Recorded data
..........

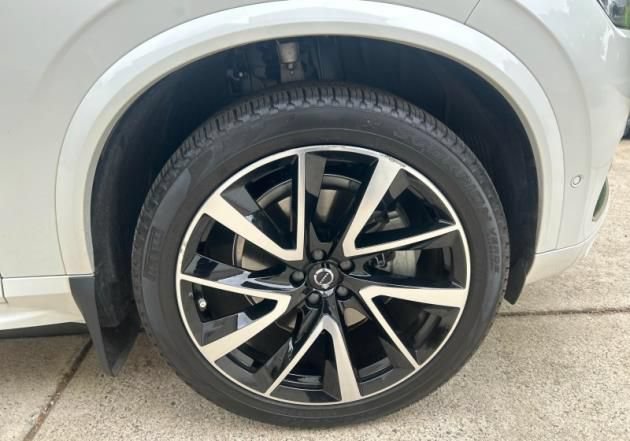 Used 2023 Volvo XC90 B6 Plus w/ Protection Package Premier AWD/4WD image 6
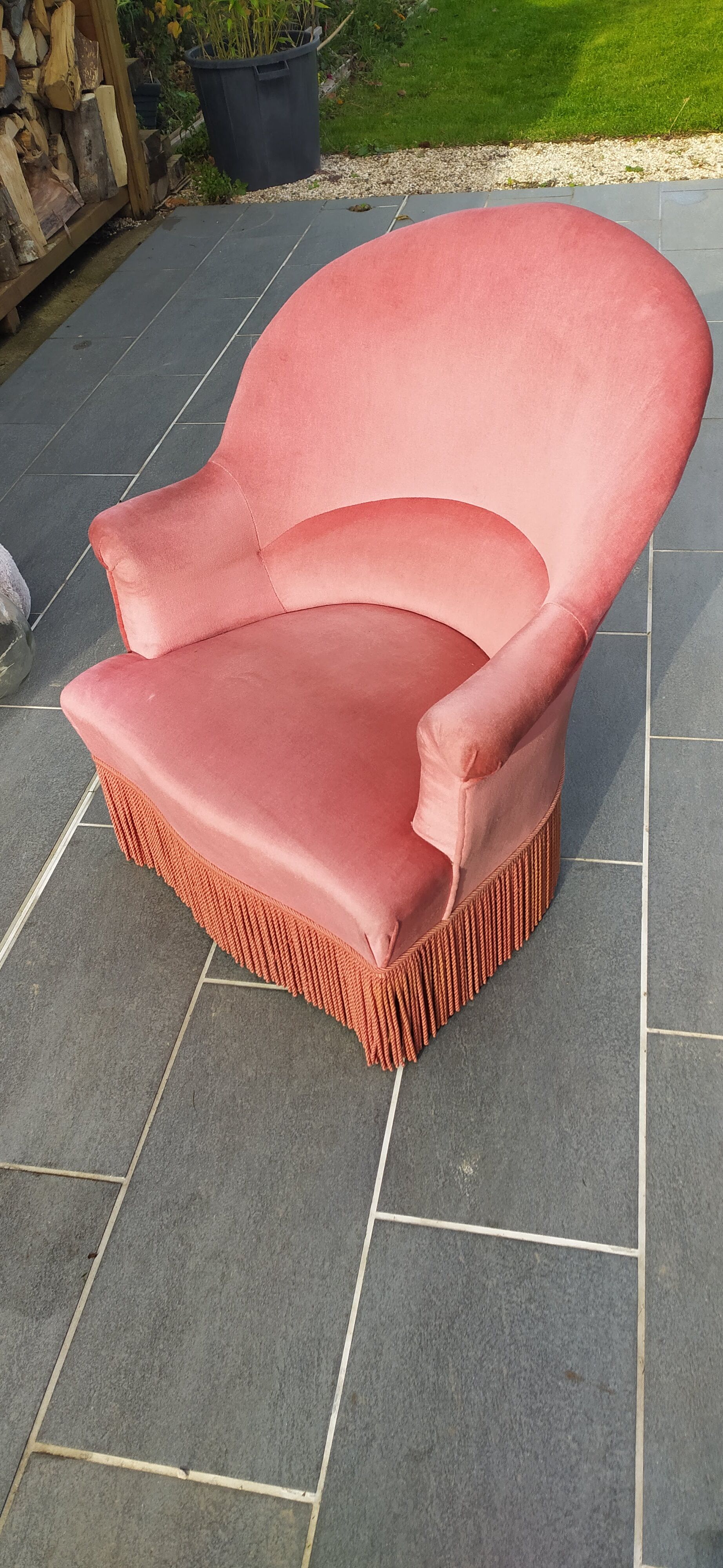 Pink velvet toad armchair with fringes
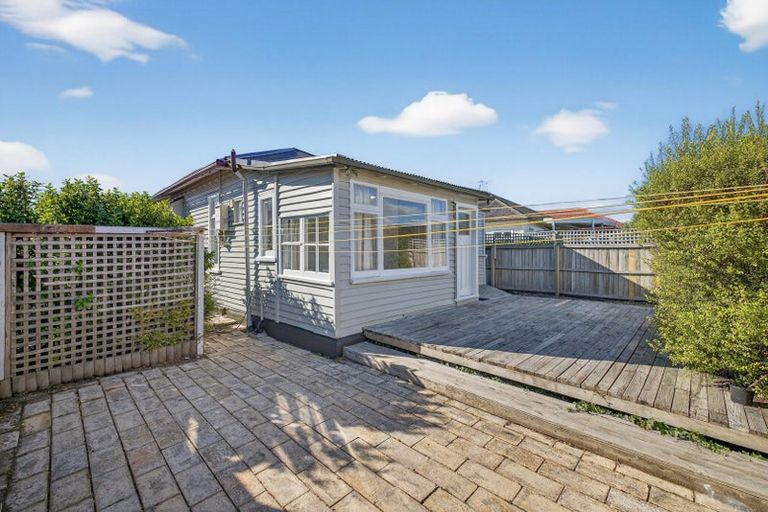 Photo of property in 231 Geraldine Street, Edgeware, Christchurch, 8013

..........

Task details
An exact reproduction of the material is needed, without its images.

Task output
 Used 2023 Volvo XC90 B6 Plus w/ Protection Package Premier AWD/4WD image 6
 Pink velvet toad armchair with fringes
 Photo of property in 231 Geraldine Street, Edgeware, Christchurch, 8013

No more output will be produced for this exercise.